The softmax bottleneck and negative sampling
GloVe: the global co-occurrence view
FastText: subword-aware embeddings
Cosine similarity and embedding geometry
Rest Stop
The polysemy problem
ELMo: context enters the picture
From ELMo to BERT: contextual embeddings arrive
The vocabulary problem and why tokenization matters
Byte Pair Encoding (BPE)
WordPiece
Unigram and SentencePiece
Byte-level BPE
Vocabulary size and embedding dimension tradeoffs
Positional embeddings: giving order to orderless models

One-Hot Encoding and Why It Fails

Imagine we're building a movie review analyzer. It reads what people write about films and decides whether they liked it or not. Our first challenge: the model only speaks numbers, and our users speak English. We need a translation layer.

Let's start with a tiny vocabulary of five words: "love," "hate," "great," "movie," and "boring." The most straightforward way to convert these into numbers is one-hot encoding — give each word a vector as long as the vocabulary, with a single 1 in the position assigned to that word and 0s everywhere else.

# Our tiny vocabulary of 5 words
#           love  hate  great  movie  boring
# love    = [1,    0,    0,     0,     0   ]
# hate    = [0,    1,    0,     0,     0   ]
# great   = [0,    0,    1,     0,     0   ]
# movie   = [0,    0,    0,     1,     0   ]
# boring  = [0,    0,    0,     0,     1   ]

Five words, five dimensions. Each word lives at one corner of a five-dimensional hypercube. Let's check the distance between "love" and "great" — two words that feel similar in a movie review context. The dot product of their one-hot vectors is 0. Now check "love" and "boring." Also 0. Every pair of distinct words is equally distant from every other pair. Our representation has told the model that "love" is as unrelated to "great" as it is to "boring."

That's the first problem: one-hot vectors carry zero information about meaning. They're glorified ID numbers with extra zeros.

The second problem is scale. A realistic English vocabulary has 50,000 to 100,000 words. That means every single word is a vector with 100,000 dimensions, of which 99,999 are zero. Multiply by the number of words in your dataset, and you're storing vast oceans of nothing. It's like assigning every person on Earth their own planet and then trying to build a social network between them — the address system tells you nothing about who lives near whom.

What we want instead is a representation where "love" and "great" are close together, "hate" and "boring" are close together, and "love" and "boring" are far apart. We want the geometry of the vector space to mirror the geometry of meaning. That's what word embeddings give us: dense vectors, typically 100 to 300 dimensions, where proximity encodes similarity.

The question is: how do we learn them?

The Distributional Hypothesis

The answer comes from a deceptively powerful idea from linguistics. In 1957, J.R. Firth wrote: "You shall know a word by the company it keeps." This is the distributional hypothesis — words that appear in similar contexts tend to have similar meanings.
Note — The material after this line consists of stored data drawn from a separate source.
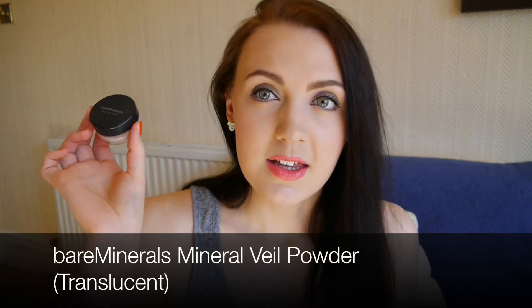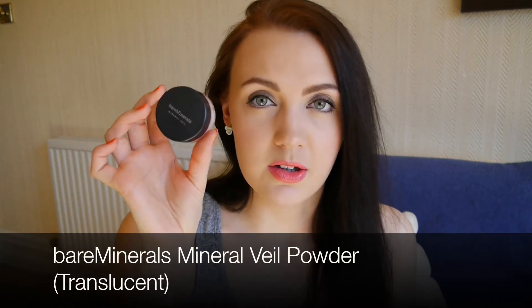The first makeup product I have used up is this Bare Minerals Mineral Veil Translucent Powder — just the original translucent one. I mentioned it in a favourites video a few months ago. I would definitely get this again in the future, although probably not anytime soon because I've got a couple more powders on the go and there are a couple more I want to try. But I would highly recommend this if you just want a simple, lightweight, natural-looking loose powder for day-to-day use.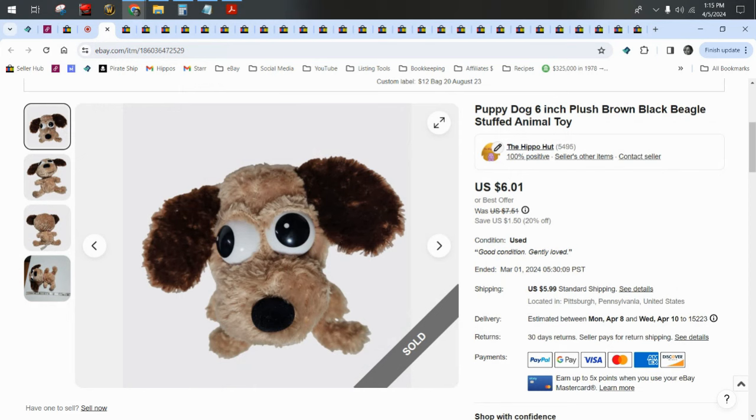So those are the plush that sold in the month of March on eBay. If you have any questions, comments, or concerns, let me know down below. Go be productive, go make some money. And as always, thank you so, so much for watching — y'all are the best. Bye!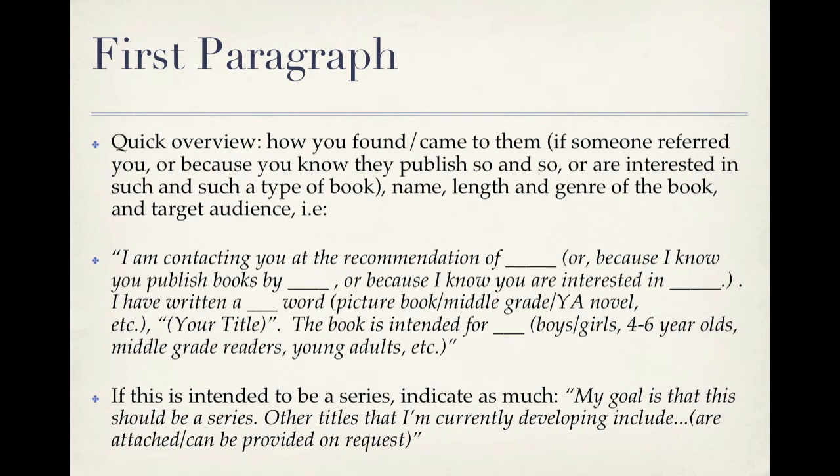Here's an example. 'I am contacting you at the recommendation of [name],' or 'I am contacting you because I know you publish books by my favorite author [name],' or 'because I know you are interested in picture books about dogs.' Then: 'I have written a 900-word picture book, [title], and the book is intended for [target audience]' — for example, boys, girls, four to six-year-olds, middle grade readers, or young adults. If this is intended to be a series, indicate as much: 'My goal is that this should be a series. Other titles I'm currently developing include [titles],' or 'can be provided on request.'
Let's go back to our movie reviews. Suppose our dataset contains these sentences:

"I love this great movie"
"I love this amazing movie"
"I hate this boring movie"
"I hate this terrible movie"

Look at the slots around "great" and "amazing." They both appear between "this" and "movie," preceded by "love." Look at "boring" and "terrible." Same pattern, but preceded by "hate." Without anyone telling the model what these words mean, the contexts alone reveal that "great" and "amazing" play similar roles, and "boring" and "terrible" play similar roles. And that the first group is associated with "love" while the second is associated with "hate."
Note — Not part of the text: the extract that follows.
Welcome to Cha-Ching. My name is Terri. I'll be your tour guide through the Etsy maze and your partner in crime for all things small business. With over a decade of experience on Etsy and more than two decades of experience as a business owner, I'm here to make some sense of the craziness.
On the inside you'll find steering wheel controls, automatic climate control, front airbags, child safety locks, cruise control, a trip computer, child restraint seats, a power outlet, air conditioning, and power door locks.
The distributional hypothesis is not a proof that context equals meaning. It's an empirical observation that works shockingly well in practice. If two words consistently show up in the same neighborhoods, surrounded by the same neighbors, they're almost certainly related. Not identical — "big" and "small" also share contexts ("the ___ house") even though they mean opposite things. We'll come back to that wrinkle. But as a starting point, context is remarkably informative.

The challenge now is to turn this linguistic insight into a mathematical training procedure. That's what Tomas Mikolov and colleagues at Google did in 2013, with a system called Word2Vec.

Word2Vec: Learning Embeddings from Prediction

Skip-gram — Predict the Neighbors

The Skip-gram model asks a peculiar question. Given a single word, can you predict which words appear near it? On the surface, this seems like a bizarre task. But the attempt to answer it forces the model to learn rich representations.

Here's the setup. We take a sentence from our movie reviews — say, "I love this great movie" — and slide a window across it. If the window size is 2, we look two words in each direction. When the window is centered on "great," the context words are "love," "this," "great," and "movie." The model's task: given "great" as input, predict each of those neighbors.

Internally, the model has two weight matrices. The first is the embedding matrix — it maps each word's one-hot vector to a dense embedding. This is the matrix we actually care about; it's what we'll keep after training. The second is the context matrix — it maps from embedding space back to vocabulary space to produce predictions. We usually throw this one away.

When we feed "great" into the model, it looks up the embedding for "great" (a row in the embedding matrix), then tries to use that vector to predict "love," "this," and "movie." The loss function measures how well it did. Gradients flow backward and nudge the embedding for "great" — pushing it closer to words it appears near and further from words it doesn't.

We repeat this for every word in every sentence across the entire corpus. Billions of these tiny nudges. After enough passes, words that consistently appear in similar neighborhoods end up with similar vectors. "Great" and "amazing" converge because they both predict the same context words. "Great" and "refrigerator" diverge because their neighborhoods look nothing alike.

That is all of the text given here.